2L Sarah Barr started thinking about the rights of young people while in middle school in Short Hills, New Jersey.
In addition to her own parents, so many of her peers’ parents were also divorcing that the school guidance counselor declared “a state of emergency” and founded a peer support circle for the estimated 65% of Barr’s classmates. Amidst the chaos, Barr felt powerless while she watched her own and her friends’ lives dramatically change. None of them had any influence on their parents’ custody arrangements in court. Many were infuriated and felt blindsided by the imposed changes, yet none seemed to have a voice the adults thought worth hearing.
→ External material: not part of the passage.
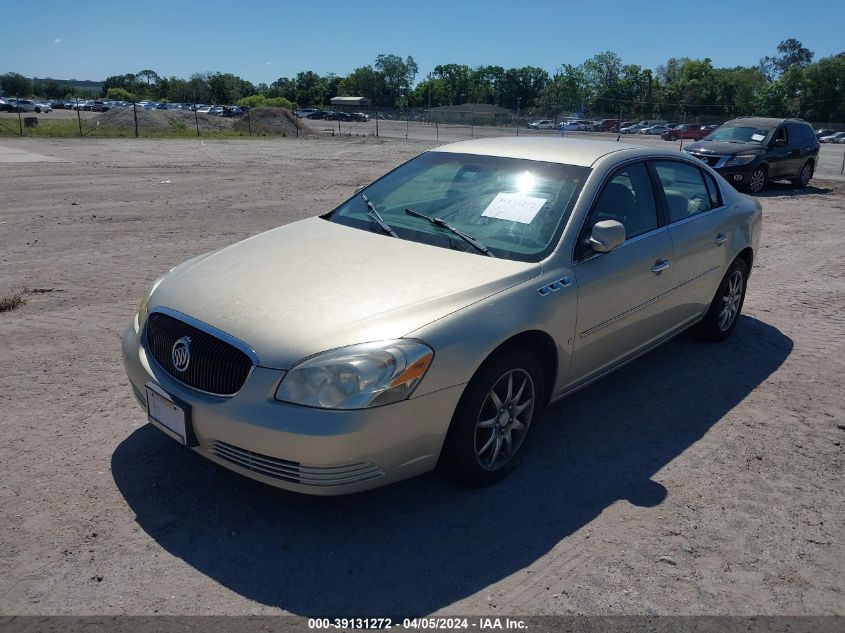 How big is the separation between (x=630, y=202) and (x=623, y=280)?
63 cm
Despite this early experience, and despite growing up with a lawyer mother, it was not until her post-college job at the Children’s Law Center (CLC) in Washington, D.C. that Barr realized she was passionate about pursuing a career in law. At CLC, which represents foster care youth, Barr was involved in cases that allowed families to be reunited, or placed kids in safe situations after suffering harm. Connecting personally with many of her clients reinforced for Barr how the law can be a powerful tool to improve people’s lives.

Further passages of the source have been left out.